The Lustre file system
/cosma6, /cosma7, /cosma8 and /snap7, /snap8 are LUSTRE file systems. These are parallel file systems which can write different parts of a file to different physical hard drives, thereby speeding up read and write access.
By default, Lustre is configured to write files to a single logical hard drive. However, for large files (typically >100MB), improved performance can be achieved if the file is striped across multiple disks. This must be performed when the file is first created: It is not possible to re-stripe a Lustre file (though the file can be migrated).
/cosma7 uses a progressive file layout by default (which you can change): The first GB is written to a single stripe, up to 16GB are then written to 8 logical disk units, and the remainder of files larger than this are written to 16 disk units.

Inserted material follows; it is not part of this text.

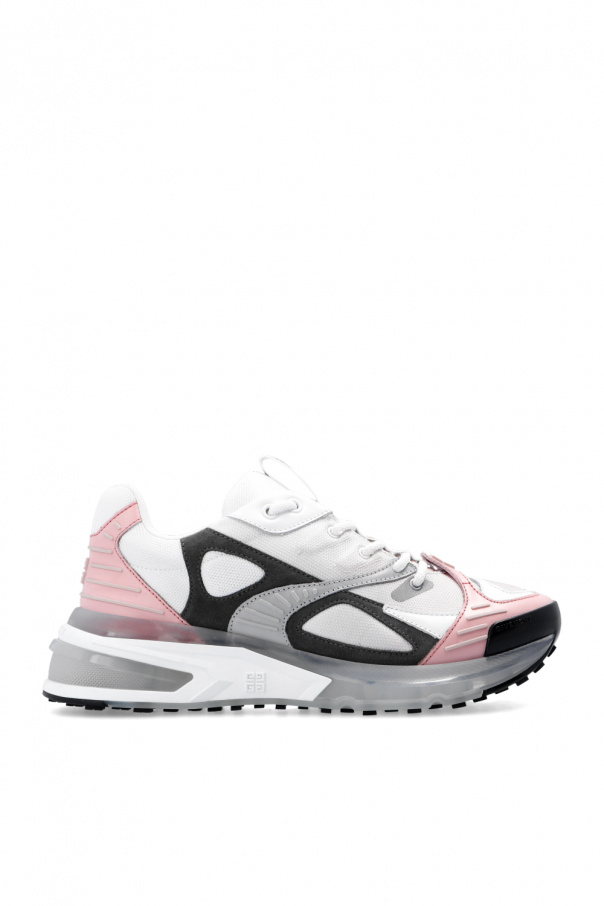 givenchy spring ‘Giv 1 Tr’ sneakers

/cosma6 also uses a progressive file layout by default: The first 64kB are written to the metadata server (speeding up access for small files). Up to 128MB are then written to a single stripe, up to 1GB are striped across 8 disks, and the remainder of files larger than this are striped across all disks.
/cosma8 similarly uses a progressive file layout by default, similar to /cosma8.
Lustre files inherit their striping from the directory in which they are written. Therefore if you have a data directory containing only large files, the simplest method to stripe these files is to simply stripe the directory when it is created (i.e. before any files are written to it).
To stripe a directory:
- lfs setstripe -S 4M -c -1 /path/to/directory
which will stripe across all disks, in 4MB chunks.
To stripe a file before it is created (i.e. to touch it):
- lfs setstripe -S 4M -c -1 /path/to/new/file
This will create an empty file, which can then be written to.
For very large files, striping is essential if the file won’t fit on a single logical drive.
A C API also exists, so that striping can be performed programmatically. However, don't reinvent the wheel, and use e.g. parallel HDF5 instead (with correct settings).
The Lustre file systems also allow progressive striping (striping larger files more, automatically). This is easy to set up, but please refer to Lustre documentation for more details.
The /snap7 and /snap8 file systems have no built in redundancy, and so if a disk fails, data will be lost. However, it is possible to set up RAID-1 (mirroring) for data protection on a per-directory or a file-by-file basis. The lfs mirror command can be used to do this. For example, to mirror a directory to 2 disks:
lfs mirror create -N -p pool1 -N -p pool2 mirroredDirectory/
Other options can be added to this, to set striping etc:
lfs mirror create -N -p pool1 -c 2 -N -p pool2 -c 2 /mirroredStripedDirectory/
(the -c 2 means to strip across 2 disks for each mirror)
Note, it is important to use the -p pool1/2 option as otherwise it is possible for both mirrors of a file to be on the same disk (which obviously is not ideal for redundancy!)
More advanced options are available, for example multiple mirrors, different striping on different mirrors, etc.
Once you have written a file, you need to manually synchronise it:
lfs mirror resync file1
If you have many files, they can be done at the same time, e.g.:
lfs mirror resync *
To check flles, you can use lfs mirror verify file1.
If you are using the /snap file systems for restart/checkpoint files, please ensure that you either mirror, or alternatively, copy ocassionally to /cosma6, /cosma7 or /cosma8 (as appropriate). It will not usually be necessary to copy every set of restart files, but advisable to copy every few days to minimise wasted compute time in the event that files are lost. While copying these files, please be sure to maintain consistency, i.e. do not overwrite an old set until the new set has been copied across and verified.
If you are rsync-ing data from elsewhere onto the Lustre file system, and have files >1GB in size, the rsyncLustre module should be used. This is a patched version of rsync which will automatically stripe all files >1GB in size.